Task description – Up to and including the line that contains "Vita Coco Nourishing", repeat each line of the data exactly, starting from the first.
BEGIN Extracted material
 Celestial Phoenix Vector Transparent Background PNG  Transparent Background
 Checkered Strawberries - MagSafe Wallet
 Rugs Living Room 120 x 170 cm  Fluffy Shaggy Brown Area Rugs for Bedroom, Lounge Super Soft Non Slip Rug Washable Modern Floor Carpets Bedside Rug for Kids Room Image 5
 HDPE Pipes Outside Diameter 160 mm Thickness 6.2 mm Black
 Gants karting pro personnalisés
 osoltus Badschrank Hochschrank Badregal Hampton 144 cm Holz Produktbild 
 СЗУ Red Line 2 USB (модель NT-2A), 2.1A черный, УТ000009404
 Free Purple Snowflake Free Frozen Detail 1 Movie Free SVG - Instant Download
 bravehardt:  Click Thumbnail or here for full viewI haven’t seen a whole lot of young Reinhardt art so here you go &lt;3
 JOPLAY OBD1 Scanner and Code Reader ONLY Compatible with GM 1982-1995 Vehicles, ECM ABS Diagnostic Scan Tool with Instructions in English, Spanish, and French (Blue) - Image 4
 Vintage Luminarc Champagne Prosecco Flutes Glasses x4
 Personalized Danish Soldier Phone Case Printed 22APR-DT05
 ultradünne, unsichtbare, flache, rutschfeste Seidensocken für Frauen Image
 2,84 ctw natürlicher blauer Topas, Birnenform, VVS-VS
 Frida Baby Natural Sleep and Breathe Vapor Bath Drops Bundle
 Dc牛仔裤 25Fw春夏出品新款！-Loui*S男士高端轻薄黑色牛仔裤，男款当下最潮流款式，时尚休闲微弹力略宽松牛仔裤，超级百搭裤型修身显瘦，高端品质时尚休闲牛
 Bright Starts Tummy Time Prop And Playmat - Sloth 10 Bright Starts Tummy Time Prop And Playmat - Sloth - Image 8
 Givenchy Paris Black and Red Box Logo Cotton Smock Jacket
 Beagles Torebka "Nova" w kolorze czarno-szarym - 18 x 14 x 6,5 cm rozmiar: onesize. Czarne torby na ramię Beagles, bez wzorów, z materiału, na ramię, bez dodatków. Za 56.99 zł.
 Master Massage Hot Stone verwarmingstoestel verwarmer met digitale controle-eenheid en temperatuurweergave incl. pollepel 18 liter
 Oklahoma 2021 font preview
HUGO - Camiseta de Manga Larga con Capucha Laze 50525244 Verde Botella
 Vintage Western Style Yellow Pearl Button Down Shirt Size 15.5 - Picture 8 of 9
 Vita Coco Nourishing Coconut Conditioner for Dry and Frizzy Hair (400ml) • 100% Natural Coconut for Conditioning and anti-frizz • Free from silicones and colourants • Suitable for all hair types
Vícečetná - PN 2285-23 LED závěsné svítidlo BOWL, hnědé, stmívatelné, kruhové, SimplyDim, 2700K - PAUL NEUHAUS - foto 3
END Extracted material
Output below –
 Celestial Phoenix Vector Transparent Background PNG  Transparent Background
 Checkered Strawberries - MagSafe Wallet
 Rugs Living Room 120 x 170 cm  Fluffy Shaggy Brown Area Rugs for Bedroom, Lounge Super Soft Non Slip Rug Washable Modern Floor Carpets Bedside Rug for Kids Room Image 5
 HDPE Pipes Outside Diameter 160 mm Thickness 6.2 mm Black
 Gants karting pro personnalisés
 osoltus Badschrank Hochschrank Badregal Hampton 144 cm Holz Produktbild 
 СЗУ Red Line 2 USB (модель NT-2A), 2.1A черный, УТ000009404
 Free Purple Snowflake Free Frozen Detail 1 Movie Free SVG - Instant Download
 bravehardt:  Click Thumbnail or here for full viewI haven’t seen a whole lot of young Reinhardt art so here you go &lt;3
 JOPLAY OBD1 Scanner and Code Reader ONLY Compatible with GM 1982-1995 Vehicles, ECM ABS Diagnostic Scan Tool with Instructions in English, Spanish, and French (Blue) - Image 4
 Vintage Luminarc Champagne Prosecco Flutes Glasses x4
 Personalized Danish Soldier Phone Case Printed 22APR-DT05
 ultradünne, unsichtbare, flache, rutschfeste Seidensocken für Frauen Image
 2,84 ctw natürlicher blauer Topas, Birnenform, VVS-VS
 Frida Baby Natural Sleep and Breathe Vapor Bath Drops Bundle
 Dc牛仔裤 25Fw春夏出品新款！-Loui*S男士高端轻薄黑色牛仔裤，男款当下最潮流款式，时尚休闲微弹力略宽松牛仔裤，超级百搭裤型修身显瘦，高端品质时尚休闲牛
 Bright Starts Tummy Time Prop And Playmat - Sloth 10 Bright Starts Tummy Time Prop And Playmat - Sloth - Image 8
 Givenchy Paris Black and Red Box Logo Cotton Smock Jacket
 Beagles Torebka "Nova" w kolorze czarno-szarym - 18 x 14 x 6,5 cm rozmiar: onesize. Czarne torby na ramię Beagles, bez wzorów, z materiału, na ramię, bez dodatków. Za 56.99 zł.
 Master Massage Hot Stone verwarmingstoestel verwarmer met digitale controle-eenheid en temperatuurweergave incl. pollepel 18 liter
 Oklahoma 2021 font preview
HUGO - Camiseta de Manga Larga con Capucha Laze 50525244 Verde Botella
 Vintage Western Style Yellow Pearl Button Down Shirt Size 15.5 - Picture 8 of 9
 Vita Coco Nourishing Coconut Conditioner for Dry and Frizzy Hair (400ml) • 100% Natural Coconut for Conditioning and anti-frizz • Free from silicones and colourants • Suitable for all hair types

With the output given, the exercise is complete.